昨日、おかしな調査結果について少し書いたが、今朝の日経に別の意味でおかしな調査が掲載されていた。プレゼンテーション(表現)についてである。

以下の3つのグラフには、いずれも1980年以降の労働力人口を表す2本(全年齢と64歳以下)の曲線が示されている。

図A


図B

 

図C

図Aは、高齢者雇用についての記事に添えられていた図だ。このグラフをパッと見た限りでは、直近での64歳以下の就業者数と65歳以上の就業者数がほぼ似通ったボリュームと印象づけられる人が多いかもしれない。理屈で考えて<おかしいぞ>と思った人は、グラフの目盛りを見て納得することになる。5000が基点になっているからだ。

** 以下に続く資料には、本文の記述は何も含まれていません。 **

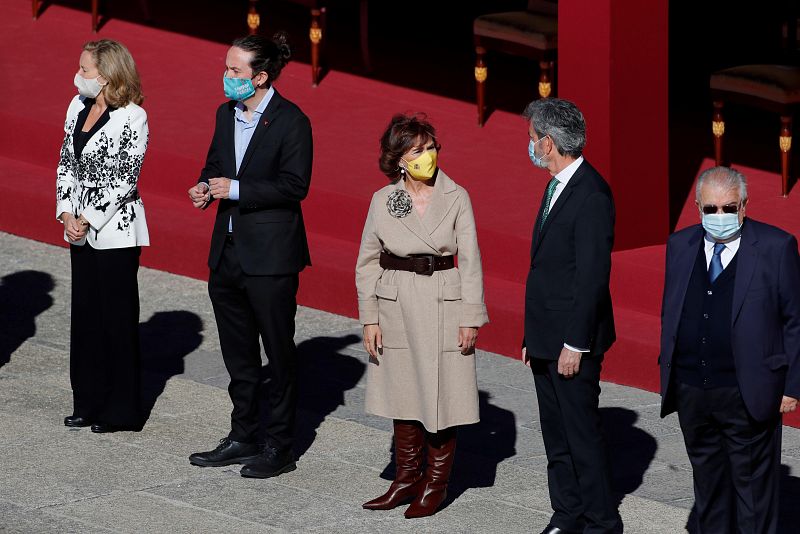 La vicepresidenya y ministra de Asuntos Económicos, Nadia Calviño (i), el vicepresidente segundo del Gobierno, Pablo Iglesias (2i), la vicepresidenta primera Carmen Calvo (c), el presidente del Consejo General del Poder Judicial, Carlos Lesmes (2d) y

同じグラフを試しに5500から初めてみたのが、図Bだ。新聞社が図AをOKとするなら、図BもOKとなるはずだ。むしろ、ここまで見え方をデフォルメすれば、ほとんどの読者は目盛りの付け方に目を向け、意味を正しく理解するかもしれない。しかし図Aなら、ビミョーなところだ。

図Cは基点を0で作図してみたもので、これが本来のグラフである。

人は直感で印象づけられ、それをもとに容易に判断に向かう。グラフは多くの場合、言葉(テキスト)より饒舌で、かつストレートに語る。だからグラフの見せられ方にはつねに注意しないとね。